Die Erleichterungen im Mietrecht sind noch nicht in Kraft, da boomen Balkonkraftwerke schon – oft zum Ärger von Vermietern, wenn sich Mieter bei der Installation nicht an Vorgaben halten. Mancher Streit landet vor Gericht.
Unklare Vorgaben hinsichtlich der Installation von sog. Balkonkraftwerken sorgen immer wieder für Streit zwischen Mietern und Vermietern oder Hausverwaltungen. Vor Gericht wurde bereits der eine oder andere Fall entschieden – nach aktuellem Recht.
Im Juli 2024 hat der Bundestag eine miet- und wohnungseigentumsrechtliche Vereinfachung zur Nutzung der kleinen Steckersolaranlagen beschlossen. Mit den neuen Regelungen erhalten Mieter einen rechtlichen Anspruch. Konflikte dürfte es weiterhin geben. Das Gesetz muss noch den Bundesrat passieren.
Ist Mietern nach dem neuen Recht alles erlaubt?
Ausgangspunkt ist, dass bauliche Veränderungen durch Mieter die Erlaubnis des Vermieters bedürfen. "Gerichte haben in der Vergangenheit entschieden, dass diese das äußere Erscheinungsbild des Balkons oder Daches dauerhaft verändern", erklärt Charlotte Peitsmeier, Rechtsanwältin bei Koenen Bauanwälte. Vermieter konnten deshalb die Zustimmung zum Einbau einer Steckersolaranlage bislang ohne Begründung verweigern.
Das im Juli verabschiedete Gesetz sieht vor, dass es sich bei Steckersolargeräten um privilegierte bauliche Veränderungen handelt, die ein Vermieter akzeptieren muss. Damit haben Mieter künftig einen rechtlichen Anspruch auf Errichtung eines Balkonkraftwerks. "Der Wunsch darf nur in absoluten Ausnahmefällen versagt werden", so Peitsmeier. Im Mietvertrag können aber Vorgaben getroffen werden, wie groß, wie viele und in welcher Farbe die Module sind. Auch die Verkehrssicherungspflichten bleiben die alten.

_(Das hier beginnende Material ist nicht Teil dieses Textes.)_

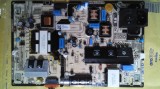 Bn44-00883a / Fsp224-5f01 / 715GB170-M0A-B00-005Y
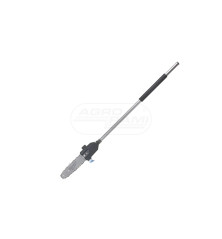 Pilarka do gałęzi M18 FOPH-CSA QUIK-LOK Milwaukee 4932464957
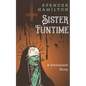 Sister Funtime - Paperback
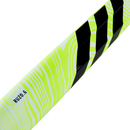 Adidas Ruzo .6 Hockey Stick 2026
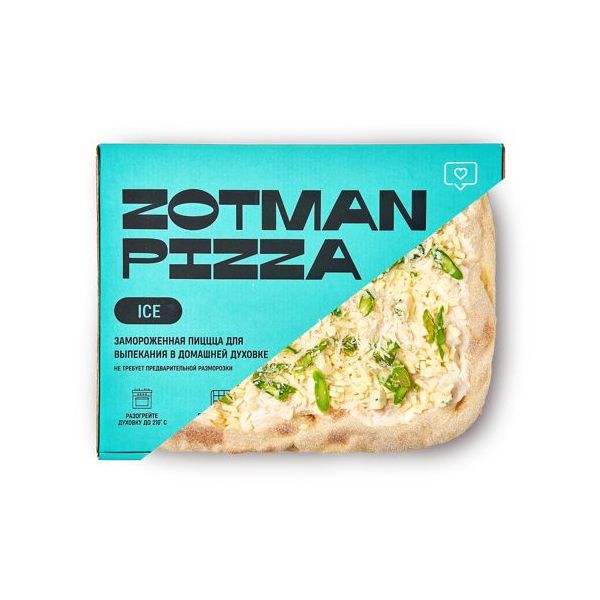 Zotman pizza замороженная. Пицца Zotman. Zotman замороженная. Пицца замороженная замороженная. Zottman пицца замороженная.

Außerdem müssen die Mieter weiterhin im Vorfeld mit dem Vermieter Rücksprache halten, welche Anforderungen gestellt werden, rät die Anwältin. Bei Sicherheitsbedenken könnten Vermieter den Einbau durch ein Fachunternehmen verlangen. An dieser Stelle ergänzt Markus Struck, Mitgründer der Kleines Kraftwerk DE GmbH: "Die meisten Balkonkraftwerke werden mit einer modifizierten Dachanbringung geliefert. Sie bietet besonders für die Montage an Balkongeländern nicht den besten Schutz."

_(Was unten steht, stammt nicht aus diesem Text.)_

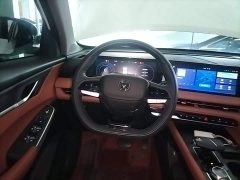 Changan CS75PLUS 2024 third generation championship version 1.5T smart driving and powerful - фото 11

AG Kiel: Streitpunkt Statik und technische Sicherheit
Ein Paar klagte vor dem Amtsgericht (AG) Kiel gegen ein Verbot zur Anbringung eines Balkonkraftwerks gegen die Hausverwaltung Haus und Grund vor Ort. Die hatte ein Gutachten zur Statik des Balkons, ein Brandschutzgutachten und die Prüfung der gesamten Hauselektrik verlangt – damit würde sich das Projekt nicht mehr rentieren, berichteten die Kläger. Diese Auflagen seien verhältnismäßig, weil ein Vermieter – und die Hausverwaltung – geltendes Recht beachten müssten, hieß es von Seiten des Unternehmens.
Mieter-Anwalt Dirk Legler sprach von "fadenscheinigen Gründen" und einer "Salamitaktik". Die Anlage habe eine Leistung von 600 Watt. Die Leistung vieler Staubsauger bewege sich in diesem Bereich, die Leistung von Waschmaschinen deutlich darüber. Es mache keinen Unterschied für die Elektrik im Haus, ob Strom erzeugt oder verbraucht werde, so Legler. Zur Statik sagte er, die Anlage wiege nur 20 Kilogramm. Zudem müsse der Vermieter für die technische Sicherheit sorgen.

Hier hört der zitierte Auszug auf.